Exercise details: Would you return exactly the lines below from the line with "Miniatur-Golfplatz mit einem" through the line with "grilled sausages from", both included, and nothing else, leaving out the pictures?

Given data:

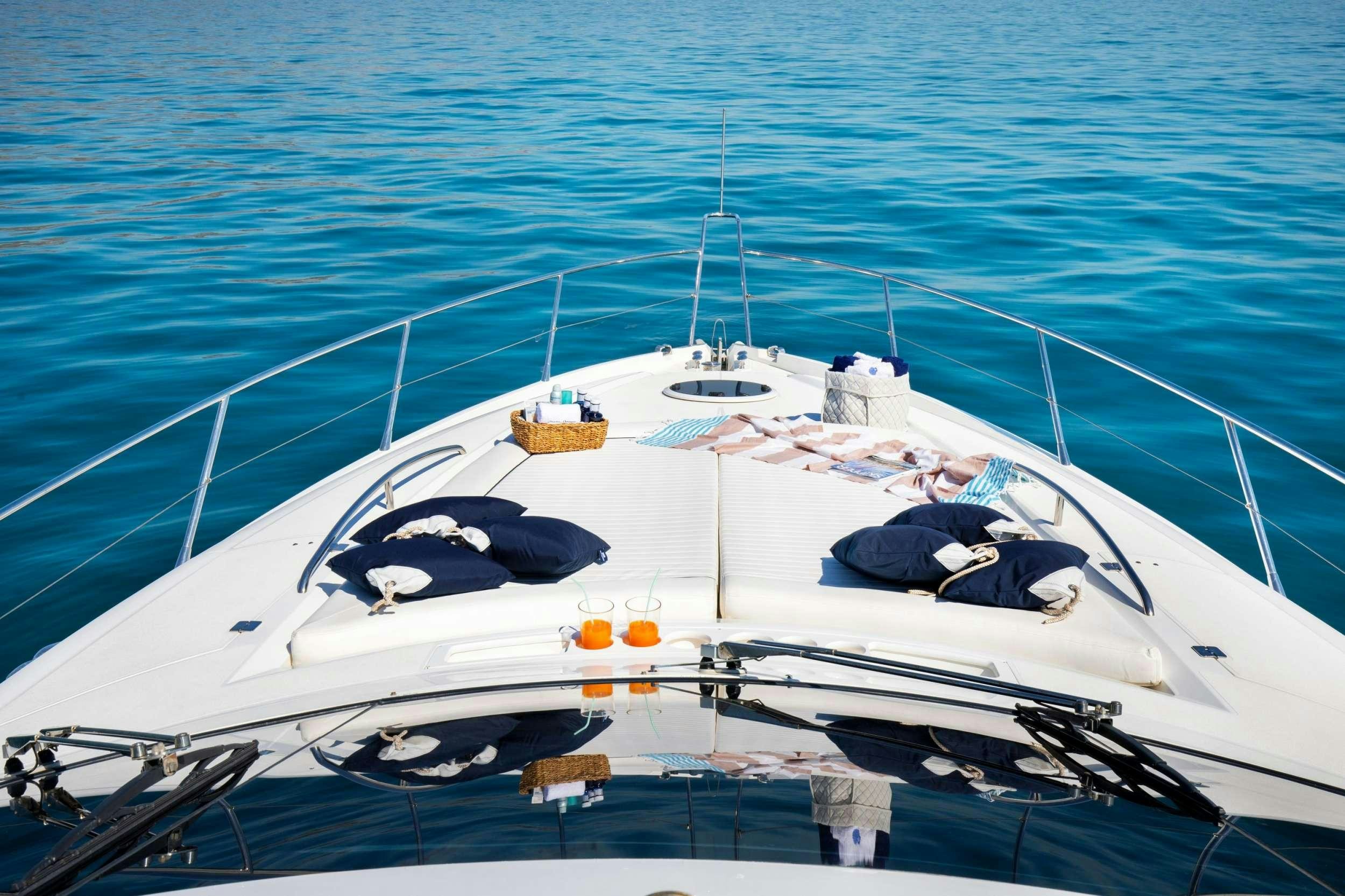 a white boat on the water aboard MEDITERRANI IV Yacht for Charter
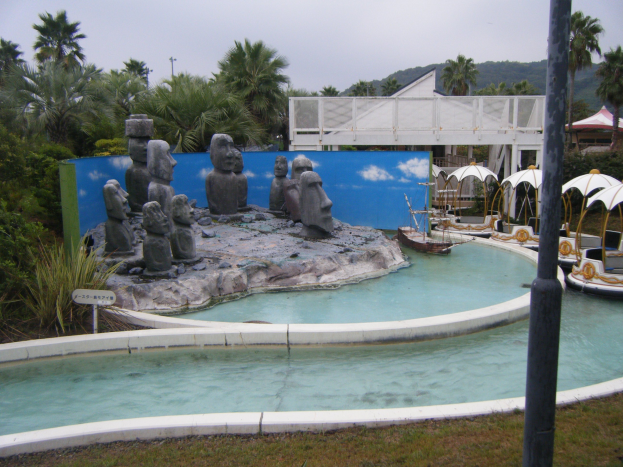 Miniatur-Golfplatz mit einem zentralen Brunnen umgeben von Statuen, Wasser, Rasen, Pflanzen, Bäumen, einem Pfahl, Zelten, einer Brücke, einem Gebäude und fernen Hügeln unter einem klaren blauen Himmel.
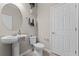 Powder room with pedestal sink, tiled floors, decorative mirror, and neutral paint at 3172 Jade Tree Pt, Oviedo, FL 32765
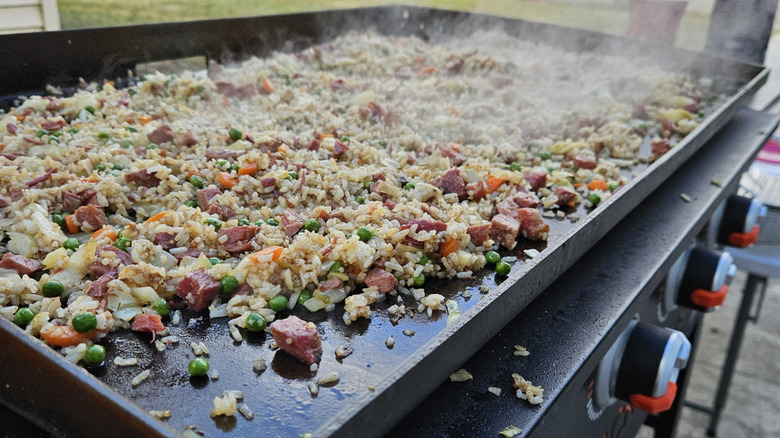 Large batch of fried rice on Blackstone griddle.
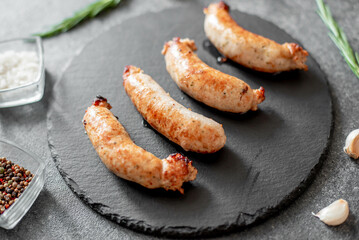 grilled sausages from turkey meat with spices on a stone background 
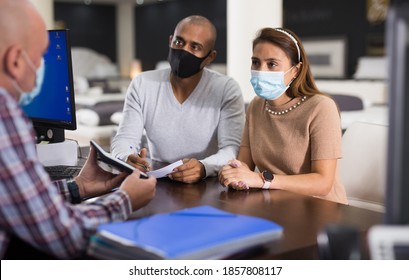 Young Hispanic Couple In Protective Masks Consulting With Salesman When Choosing New Mattress In Furniture Store. Concept Of Shopping Precautions And Social Distancing In Pandemic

Response:
 Miniatur-Golfplatz mit einem zentralen Brunnen umgeben von Statuen, Wasser, Rasen, Pflanzen, Bäumen, einem Pfahl, Zelten, einer Brücke, einem Gebäude und fernen Hügeln unter einem klaren blauen Himmel.
 Powder room with pedestal sink, tiled floors, decorative mirror, and neutral paint at 3172 Jade Tree Pt, Oviedo, FL 32765
 Large batch of fried rice on Blackstone griddle.
 grilled sausages from turkey meat with spices on a stone background 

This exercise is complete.